I got on the nighttime cold medicine before bed. I still had a miserable night, tossing and turning, blowing my nose enough to build a mountain of dirty tissues beside me.
In the morning, I felt super crappy with a headache the size of the migraines I used to get years ago. (Honestly, if nausea had accompanied it, I would have called it a migraine.) After the sun rose, my bedroom, with the lights off, was too bright — even though it was overcast all day. I got up only to let out Penny, give her some food, and take some drugs. I had grapefruit juice in the fridge and drank a bunch of that. I felt too weak to go down and check the garage freezer for more chicken soup. I went back to bed. Penny, obviously sensing that something wasn’t quite right, snuggled up between me and my dirty tissue mountain.
I cancelled my dinner date with a friend and blew off the wine tasting I was supposed to attend afterwards.
I slept most of the day.
Around 3 PM, I got up and made myself something to eat. A salad with sardines. (Don’t knock it; I like sardines.) I cursed myself for packing the balsamic vinegar into my camper (which is waiting for me in Arizona) and not buying a fresh bottle for home. I tore down and discarded my tissue mountain. I let Penny out again and went back to bed. I slept more.
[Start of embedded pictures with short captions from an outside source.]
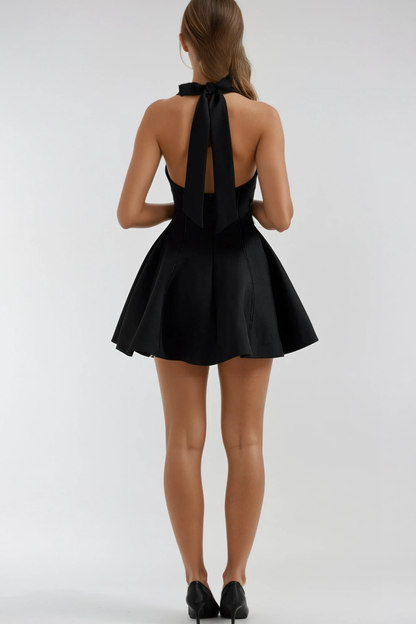 Beckham Halter Neck Ruffle Mini Dress in Black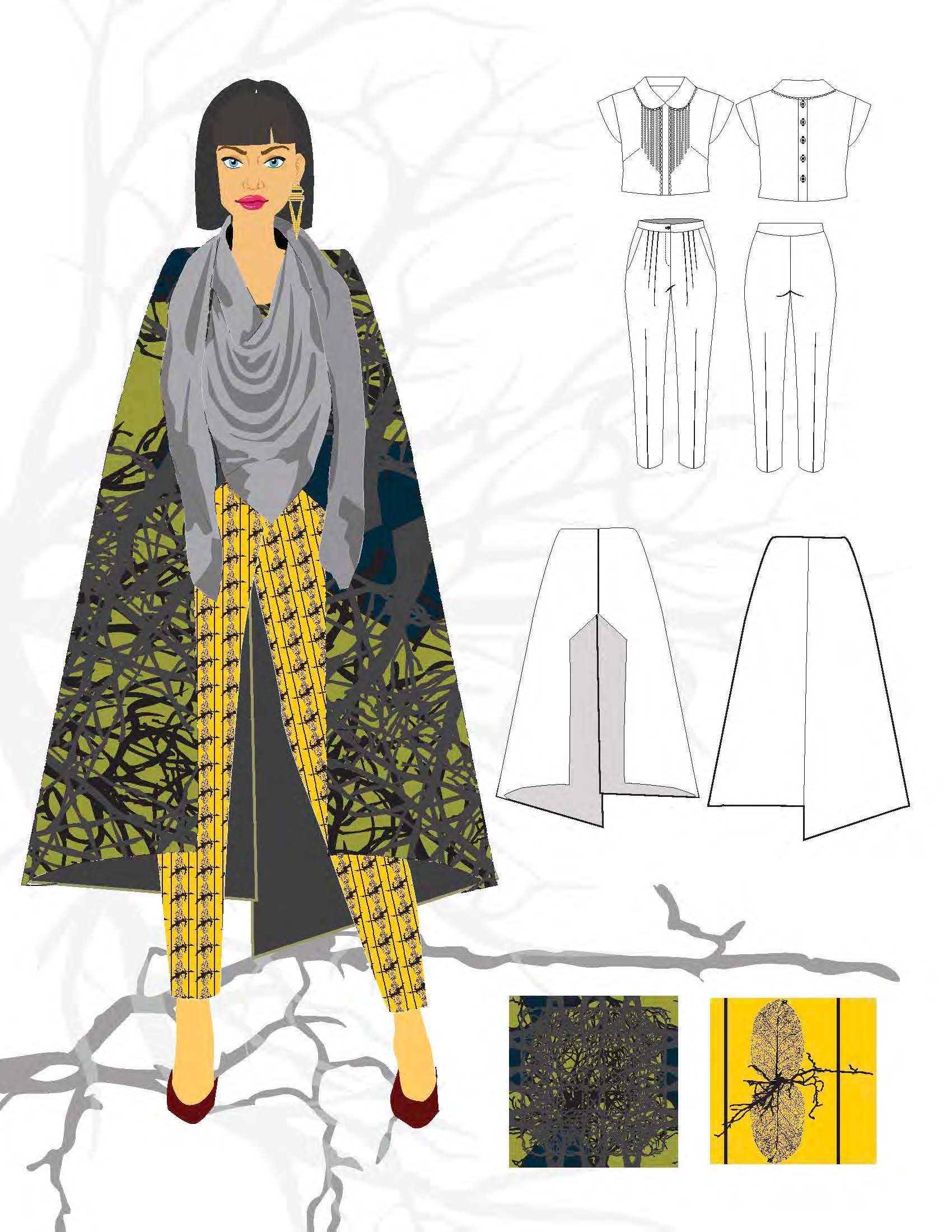 CAD fashion sketch — figure illustration with garment flats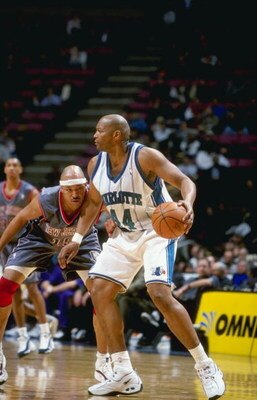 4 Mar 1999:  Derrick Coleman #44 of the Charlotte Hornets in action during the game against the New Jersey Nets at the Continental Airlines Arena in East Rutherford, New Jersey. The Hornets defeated the Nets 96-84.   Mandatory Credit: Al Bello  /Allsport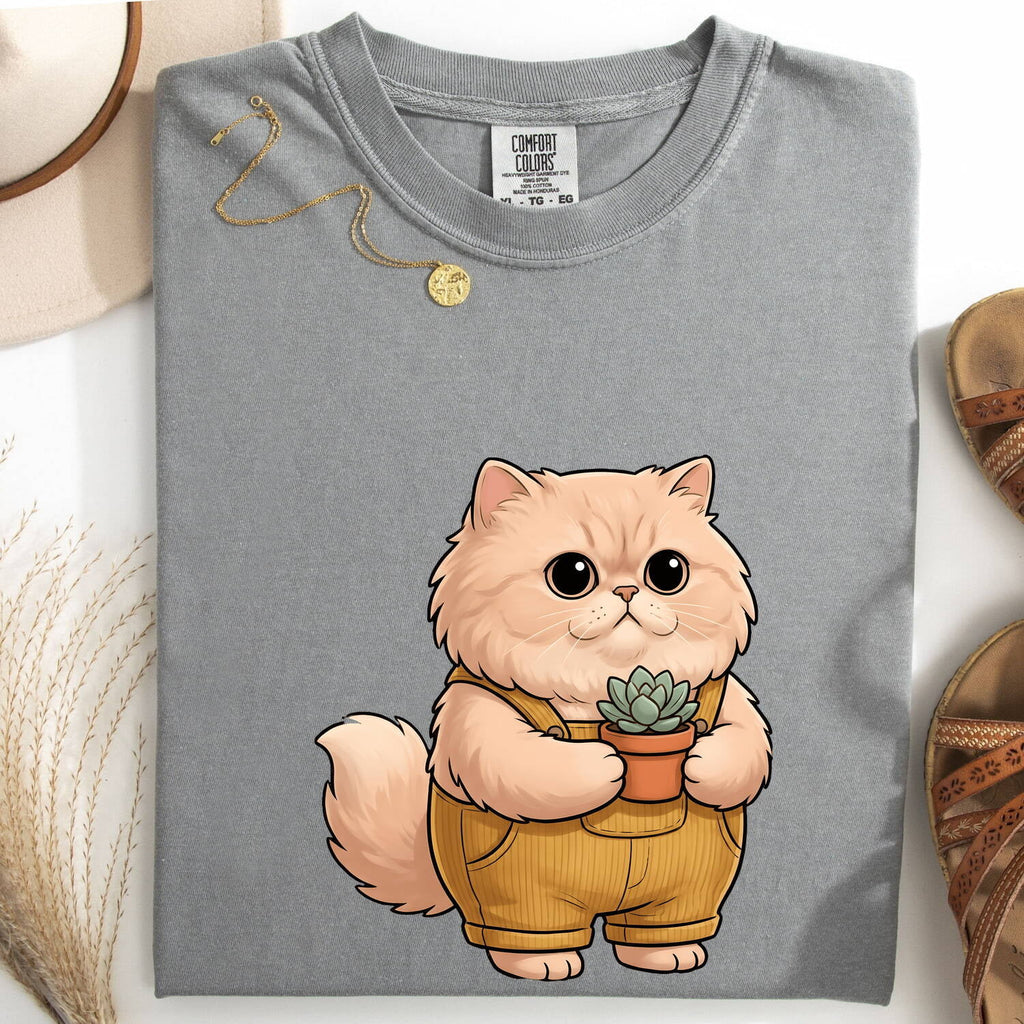 Fluffy Cat Shirt Cat Garden Gift Women Cute Tee Kitten T-Shirt Cat Fan Feline Tshirt Floral Graphic Cat Lady Comic Succulent Plant Tshirt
In the evening, woken by that damn headache, I got up to take some more ibuprofen. I let Penny out again. I went into the garage and gave the cats a can of food. I let Penny in. Then I settled in on the sofa with a throw blanket and glass of grapefruit juice to catch up with Stephen Colbert’s Late Show. I felt a little better, but not much. At least I could stay awake.
After about an hour of that, I was exhausted. It was only 7 PM. I surrendered, took some more nighttime cold medicine, and climbed back into bed. I read for about 10 minutes and then fell asleep.
I slept pretty well until about 3 AM. Then I woke up feeling pretty darn good. I hung around in bed, catching up on news via Twitter. (Lots of good news about yesterday’s election. Hooray!) Then, at about 4:30 AM, I decided that my internal clock would just have to stay screwed up for a while and got out of bed to start my day.
I’ll take it easy today, but will get stuff done, mostly indoors. I have a lot of paperwork to catch up on after my two-week trip south. Maybe I’ll finally finish unpacking my books. And I’m sure I’ll take a nap.
My goal is to rest up enough to be completely recovered by Friday. I think it’s possible if I don’t push myself.
And that’s the lesson I’ve learned in dealing with these two colds: when a cold strikes, give in to it. Just treat the symptoms with whatever cold meds can help you get rest. Sleep as much as possible. Stay warm and comfortable. Rest, rest, rest.
If it’s just a cold — not the flu — a quicker-than-average recovery might be possible. But not if you push yourself.
And if you’re feeling good right now, go out and get a flu shot. I haven’t gotten mine yet — shame on me — but will definitely get it as soon as I feel 100% recovered from this cold.